Tips for traveling with your pet
When making travel decisions, choose what is safest and most comfortable for your pet. For instance, unless you’ll be able to spend a lot of time with your dog, they’ll probably be happier at home than tagging along on your trip. As a rule, cats are almost always better off in their own home.
But if you have decided it’s best to bring your pet along, follow our tips for a safe and low-stress trip.
Do you know the best place for your dog or cat in your car?
Dogs shouldn’t roam in the car
The safest way for your dog to travel in the car is in a crate that has been anchored to the vehicle using a seat belt or other secure means. Dog restraints or seat belts are useful for preventing your dog from roaming around the car and being a distraction to the driver, but they haven’t been reliably shown to protect dogs during a crash.
Cats belong in carriers
Most cats aren’t comfortable traveling in cars, so for their safety as well as yours, keep them in a carrier. It’s important to restrain these carriers in the car so that they don’t bounce around and hurt your cat. Do this by securing a seat belt around the front of the carrier.
Leave the front seat for humans
Keep your pet in the back seat of the car. If an airbag deploys while your pet is in the passenger seat (even in a crate), it might injure your pet.
Keep those heads inside!
Dogs and cats should always be kept safely inside the car. Pets who are allowed to stick their heads out the window can be injured by particles of debris or made sick by having cold air forced into their lungs. Never transport a pet in the back of an open pickup truck.
Give your pet plenty of rest stops
Stop frequently to allow your pet to exercise and eliminate. But never permit your pet to leave the car without a collar, ID tag and leash.
Bring along a human buddy
Whenever possible, share the driving and pet care-taking duties with a friend or family member. You’ll be able to get food or use the facilities at rest stops knowing that someone you trust is keeping a close eye on your pets.

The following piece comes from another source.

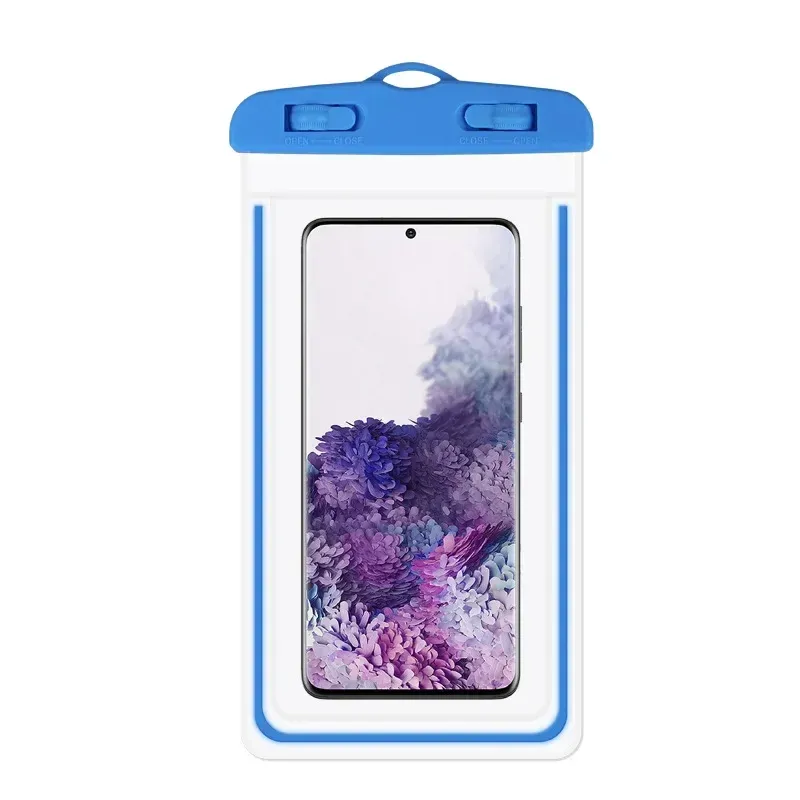 Pochette de téléphone transparente et étanche en PVC, sac sec pour écran tactile avec fermeture à joint pour la natation, la plongée, le rafting et les sources chaudes 8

Don’t ever leave your pet alone in a car!
A quick pit stop may feel like no time at all to you, but it’s too long to leave your pet alone in a car. Heat is a serious hazard: when it’s 72 degrees Fahrenheit outside, the temperature inside your car can heat up to 116 degrees within an hour. On an 85-degree day, even with the windows slightly open, the temperature inside your car can reach 102 degrees in just 10 minutes. Even if you’re certain of your timing, you can get held up — in just 30 minutes, you could return to a 120 degree car and a pet suffering irreversible organ damage or death.
If you see a pet left inside a hot car take these steps to help them.
Spread the word about the dangers of leaving pets in a hot car by printing our Hot Car flyer (PDF), posting it in public places and sharing it with your friends, family and coworkers.
A year-round hazard is the unspoken invitation you issue to pet (and car) thieves any time you leave your pet alone in a car.